故ジャニー喜多川氏による男色被害が注目されているが、以下は古生代生き残りの戯言である。
喜多川氏の存命中には報じられることも無かったが、喜多川氏の死去やジャニーズ事務所の影響力減少もあってであろうか被害を訴える人が#Me-Too的に続々と現れているようである。
自分にとって芸能界とは虚構・虚業の世界で、そこに棲む人々の倫理観は自分の住む世界とは懸け離れた別世界と思って冷ややかに眺めているが、LGBT法案審議中という世情もあってテレビ・新聞でも大きく取り上げられている。
歌舞音曲を生業とする人々を別世界の住人と考えるのは自分だけではなく、明治期以前にあっては「河原乞食」と総称されて商売往来や人別の枠外とされ、自分の育った戦後にあっても「銀幕のスター」と呼ばれたように、スクリーン上やレコード上のイメージが全て・常人の計り知れない世界で高倉健さんや吉永小百合さんは「ウンコもシッコもなさらない」と受け取られていた。現在ではメディアの多様化によってゴシップ記事やゴシップ映像が出回る様になり、芸能人は一気に常人のレベルに引き下ろされてしまったが、それには一般人の倫理観に支配された芸能レポータの存在が大きいと思っている。

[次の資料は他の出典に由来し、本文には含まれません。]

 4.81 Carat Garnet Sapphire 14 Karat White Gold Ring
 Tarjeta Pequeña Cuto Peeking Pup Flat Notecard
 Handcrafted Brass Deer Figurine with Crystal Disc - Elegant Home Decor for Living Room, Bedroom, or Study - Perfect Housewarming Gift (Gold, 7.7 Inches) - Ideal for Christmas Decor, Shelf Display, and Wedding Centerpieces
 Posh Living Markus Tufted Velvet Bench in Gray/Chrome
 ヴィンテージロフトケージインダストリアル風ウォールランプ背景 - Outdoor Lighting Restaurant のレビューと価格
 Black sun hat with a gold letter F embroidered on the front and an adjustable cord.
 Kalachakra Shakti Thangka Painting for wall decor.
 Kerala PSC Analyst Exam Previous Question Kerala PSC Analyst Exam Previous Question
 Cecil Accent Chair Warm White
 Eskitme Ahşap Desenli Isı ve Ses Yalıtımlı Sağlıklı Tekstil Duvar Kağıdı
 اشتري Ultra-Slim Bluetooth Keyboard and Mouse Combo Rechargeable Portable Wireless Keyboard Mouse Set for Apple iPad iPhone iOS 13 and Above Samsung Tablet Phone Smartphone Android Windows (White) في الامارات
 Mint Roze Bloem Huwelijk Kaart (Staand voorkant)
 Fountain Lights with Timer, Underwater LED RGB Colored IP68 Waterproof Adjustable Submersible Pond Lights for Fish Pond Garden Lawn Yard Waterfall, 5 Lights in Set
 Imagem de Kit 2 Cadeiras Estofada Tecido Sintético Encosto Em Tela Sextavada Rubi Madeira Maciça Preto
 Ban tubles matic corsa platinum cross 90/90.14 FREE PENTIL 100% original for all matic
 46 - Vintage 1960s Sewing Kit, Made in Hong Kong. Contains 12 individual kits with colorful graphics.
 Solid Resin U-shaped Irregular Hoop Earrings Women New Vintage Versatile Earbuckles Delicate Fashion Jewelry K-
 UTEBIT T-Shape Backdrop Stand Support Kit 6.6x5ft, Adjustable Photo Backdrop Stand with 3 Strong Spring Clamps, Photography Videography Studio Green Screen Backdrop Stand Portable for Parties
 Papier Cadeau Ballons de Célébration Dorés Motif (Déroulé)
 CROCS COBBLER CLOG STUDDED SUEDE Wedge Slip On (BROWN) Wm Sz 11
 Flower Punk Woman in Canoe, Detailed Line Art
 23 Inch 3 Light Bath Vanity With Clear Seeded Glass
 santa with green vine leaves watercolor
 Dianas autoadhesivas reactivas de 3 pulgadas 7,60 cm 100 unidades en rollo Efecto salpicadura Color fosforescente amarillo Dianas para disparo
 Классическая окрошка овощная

別世界や雲上人を格差の代表と眺めるのは世界的な現象で、イギリス国王の戴冠式にも古式を廃止・簡略化した市民目線が随所に取り込まれていたとされている。日本でも、不敬罪・爵位・位階勲等・貴族院の廃止はもとより、一般社会でも修験の場として一般人の立ち入りが禁止されていた霊場・霊山の解放、男性限定の私的クラブ廃止、大相撲土俵の女人禁制見直し、・・・など枚挙にいとまがない。
しかしながら、それらによって格差が亡くなったかと云えば、経済格差は拡大し、経済格差は学歴格差まで生み出しているし、欧米では非公式の特権サロンが復活して表社会とは隔絶した場所・一団が政治を壟断していると「Qアノン」は喧伝している。そんな裏事情は置いても、世の中の全てを市民感覚に置き換えることで、別世界住人や雲上人が守り通してきた先人の遺産や有職故実までも失われてしまうのではないだろうか。
浅田美代子さんのキャッチフレーズは「隣のミヨちゃん」であったと記憶している。最後の別世界である芸能界でも「一般人と区別が無いこと」、「一般人のアナタも芸能界に進める」が主流となったが、昭和期に生きたジャニー氏にあってはそんな変化は認識されていなかった、或いは考えたくも無かったのではないだろうかと密かに・ささやかな同情を禁じ得ない。